戦時中の1942年に落盤による大規模水没事故で、朝鮮半島出身の労働者を含む計183人が死亡した山口県宇部市の海底炭鉱「長生(ちょうせい)炭鉱」で25、26日に収容された骨のようなものについて、県警は27日、鑑定の結果、いずれも人骨と判明したと発表した。調査した市民団体は、日本政府に身元特定に向けDNA鑑定を求める考えだが、どの機関がどう進めるのか、行方は不透明だ。
県警「説明できることはない」
長生炭鉱では地元の市民団体「長生炭鉱の水非常を歴史に刻む会」(刻む会)の依頼を受けた韓国人ダイバーが25、26両日、坑道内を潜水調査。

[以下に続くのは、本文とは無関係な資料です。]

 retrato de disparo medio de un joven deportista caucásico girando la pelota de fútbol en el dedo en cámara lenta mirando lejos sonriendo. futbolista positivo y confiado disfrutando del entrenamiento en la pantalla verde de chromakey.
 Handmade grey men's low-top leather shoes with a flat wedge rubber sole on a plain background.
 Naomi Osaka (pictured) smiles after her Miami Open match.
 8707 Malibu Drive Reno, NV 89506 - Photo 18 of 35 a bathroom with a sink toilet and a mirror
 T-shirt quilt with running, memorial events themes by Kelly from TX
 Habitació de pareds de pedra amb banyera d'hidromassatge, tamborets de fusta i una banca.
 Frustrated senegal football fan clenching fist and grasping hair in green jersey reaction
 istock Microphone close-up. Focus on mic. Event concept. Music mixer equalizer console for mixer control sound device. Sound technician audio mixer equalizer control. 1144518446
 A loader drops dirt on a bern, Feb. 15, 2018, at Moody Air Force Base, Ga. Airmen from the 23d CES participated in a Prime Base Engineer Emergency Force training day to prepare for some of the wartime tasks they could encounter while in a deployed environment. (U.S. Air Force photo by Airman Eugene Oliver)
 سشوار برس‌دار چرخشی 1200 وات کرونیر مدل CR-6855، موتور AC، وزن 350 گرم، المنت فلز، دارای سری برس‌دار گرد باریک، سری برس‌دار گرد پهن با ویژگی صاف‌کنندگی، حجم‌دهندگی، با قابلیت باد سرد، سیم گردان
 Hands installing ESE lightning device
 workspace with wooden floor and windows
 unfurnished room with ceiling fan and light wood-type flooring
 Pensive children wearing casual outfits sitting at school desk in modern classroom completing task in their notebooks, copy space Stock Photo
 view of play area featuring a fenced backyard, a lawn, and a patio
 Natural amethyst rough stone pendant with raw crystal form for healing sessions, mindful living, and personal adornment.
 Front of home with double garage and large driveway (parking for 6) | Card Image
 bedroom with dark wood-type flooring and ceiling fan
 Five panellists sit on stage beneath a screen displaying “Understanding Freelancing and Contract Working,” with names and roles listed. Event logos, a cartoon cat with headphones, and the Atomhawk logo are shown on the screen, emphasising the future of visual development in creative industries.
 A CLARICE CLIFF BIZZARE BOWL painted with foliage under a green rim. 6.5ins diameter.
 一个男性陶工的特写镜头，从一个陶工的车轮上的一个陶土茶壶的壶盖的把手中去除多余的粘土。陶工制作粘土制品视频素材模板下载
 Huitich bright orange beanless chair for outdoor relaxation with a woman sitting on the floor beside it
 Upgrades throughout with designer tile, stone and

25日に側道から主坑道に突き当たった水深43メートルの丁字路付近で3本の骨のようなものを、26日には近くで頭蓋骨(ずがいこつ)とみられるものを発見、収容した。
県警によると、いずれも人骨で、25日に収容されたのは左大腿(だいたい)骨(太ももの骨)、左上腕骨(腕の骨)、左橈骨(とうこつ)(同)、26日に収容されたのは頭蓋骨と判明した。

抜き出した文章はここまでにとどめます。